Although crystal and NMR structures of various fragments of HIV-1 IN were reported over several years81, detailed views of the functional IN–viral DNA nucleoprotein complex, called the intasome, were lacking until recently. Given that clinically useful HIV-1 IN inhibitors selectively interact with the intasome rather than with free IN82, this dearth of structural information limited drug development. Recent successes are due to the application of X-ray crystallography to the tractable intasome of the prototype foamy virus (PFV), a member of the retroviral genus Spumavirus83,84. An overview of these advances is given here; for in-depth reviews, see Refs 85, 86.

The intasome contains a dimer-of-dimers of IN, with only one subunit of each dimer binding a viral DNA end83 (Fig. 5a,b). Thus, akin to RT, functional IN active sites are delegated to a subset of protein molecules within the multimeric complex. The intasome accommodates the target DNA within a cleft between the functional active sites, in a severely bent conformation (Fig. 5b,c).

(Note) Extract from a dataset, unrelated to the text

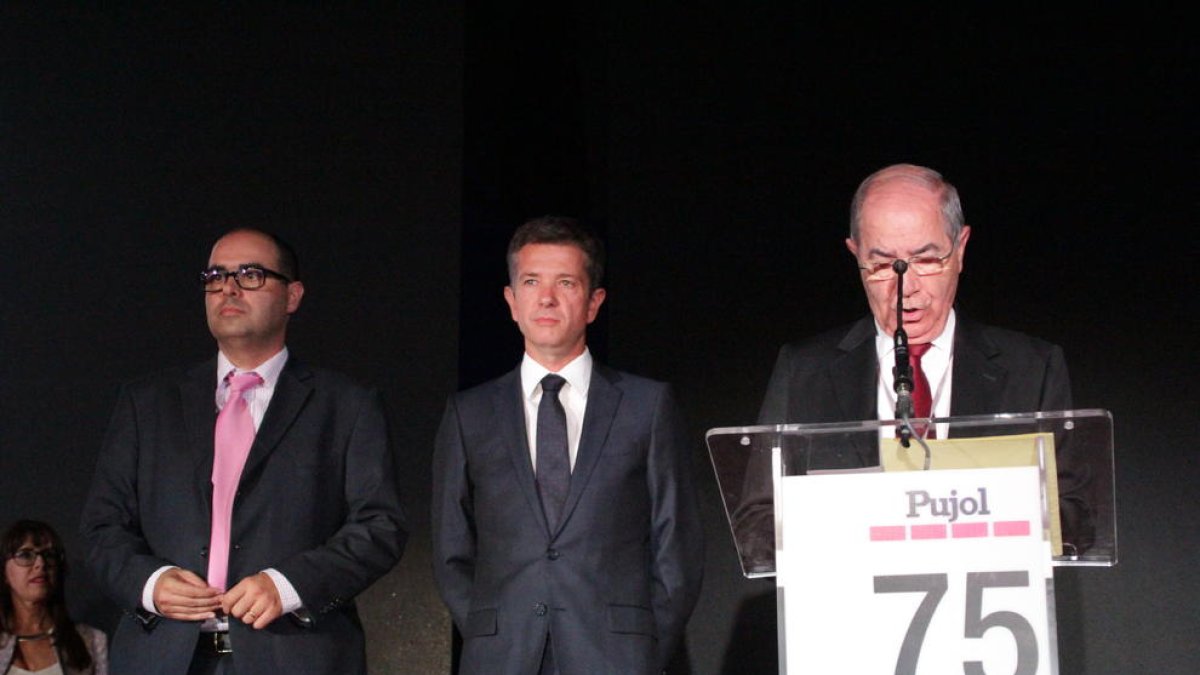 Josep María Pujol, acompañado de su sobrino Miquel, y su hijo Jordi, ayer en el aniversario.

This contortion in the target DNA allows the intasome active sites (which are separated from one another by as much as 26.5 Å) to access their target scissile phosphodiester bonds84. The Asp and Glu residues of the catalytic motif D,DX35E coordinate two divalent metal ions, which activate the 3′-hydroxyl nucleophile and destabilize the target phosphodiester bond during strand transfer83,84 (Fig. 5c). Reversal of the reaction appears to be restricted by a conformational change that causes a 2.3 Å displacement of the newly formed viral DNA–target DNA phosphodiester bond from the IN active site following transesterification84.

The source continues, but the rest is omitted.